In 2004 (from what I can remember), the talk was about the PS2 and its untouchable monopoly, announced PSP on the way about to crush Game Boy Advance, Xbox just got Halo 2, and Gamecube just got nothing. Momentum was clearly on Sony’s side.
Offering an all-in-one premium package, a product philosophy that has proven success with the PS2, seemed like the perfect course moving forward with the PSP and the PS3. But it would seem that things were bound to change.
Eventually, innovative hardware from Nintendo including the Nintendo DS and the Nintendo Wii has proven the point that innovation is what pushes the industry forward and not the “all in one” philosophy.
But does that mean there is no market for Sony then? No way. A good comparison, I think, is when we take a good look at the PSP sales relative to the Nintendo DS. Sure the Nintendo DS sold tons, but just a small fraction in that space still meant big sales in ‘console terms’, right? What the PSP has proven that there is definitively room for the all in one package in the gaming space.
Then there was iPhone and IPod Touch that revolutionized the market by just combining the two philosophies together and just seeped up the whole gaming market… and frankly, I think that was just a happy accident for them. I think just looking at Apple’s portable devices, it should be clear that these things are not only mass market, but innovative and technically ground breaking.

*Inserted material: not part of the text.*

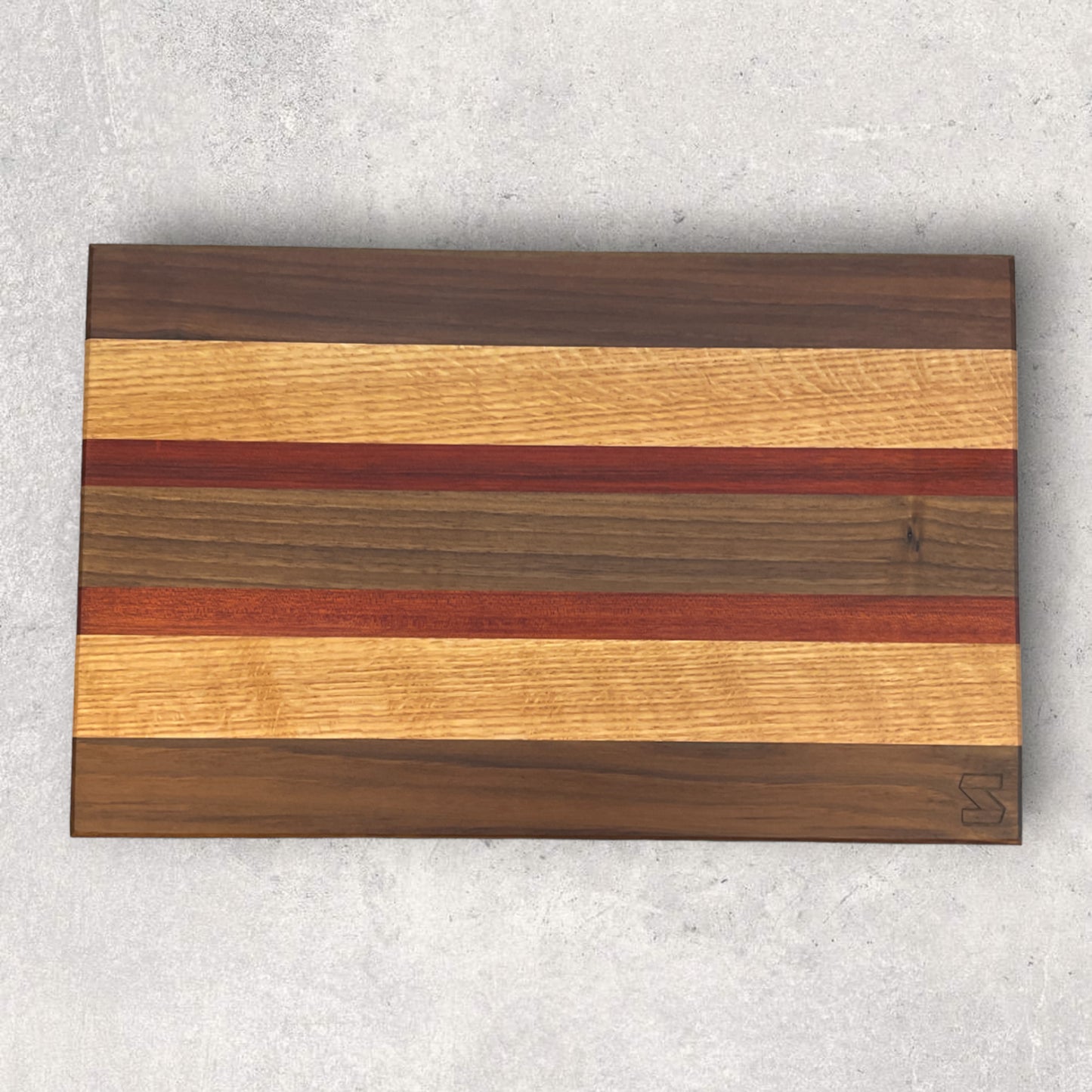 TRIPLE BLEND CUTTING BOARD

So the way I look at this handheld industry from the video-game-company focused perspective is the following.
Firstly, I already thought that Nintendo would be running into a dead market face first. Nintendo needs to come to terms that only old school Game Boy sales can be expected from the Nintendo 3DS because it doesn’t transcend that market like the Nintendo DS did in 2005. But that’s a whole other story.
Sony also, saw the decline of the PSP versus the Nintendo DS and decided to just slap on the Nintendo DS features on the Vita it seems, impressing no one. I am sure this all in one approach from a Sony perspective should have at least achieved the PSP mark in their mind or a profitable return at the very least.
I would submit though, that maybe Sony’s philosophy wasn’t really realized with the PS Vita. The thing does everything gaming-wise but I personally believe though that PS Vita doesn’t really do anything that much better than any other tablet or smart-phone, so, is the PS Vita ‘really’ all in one?
What if the Vita had phone radio?
Suddenly this product makes more sense, the appeal is there. PS Vita as it stands really isn’t as valuable as the PSP Go, if you think about it. The Vita doesn’t do gaming better than the 3DS, or playback as good as the Iphone or Ipad. So I recommend on Sony’s behalf to come out with a system that uses the exact spec as the Vita, same price point, the form factor of the PSP Go and the utility/compatibility of Android.
The “Vita SP” would keep all the power house features of its predecessor and combine it with the necessity of a cell phone. This market can actually parallel Nintendo 3DS’ and serve the 14+ consumer that Sony generally has in the past.
What both handheld companies did wrong this year was mistakenly forecast the trend of gaming. This Vita SP idea can really refocus Sony, and deliver a product of premium gaming content and modern utility. A product philosophy that made the PSP so significant last generation, modernized for those same consumer needs.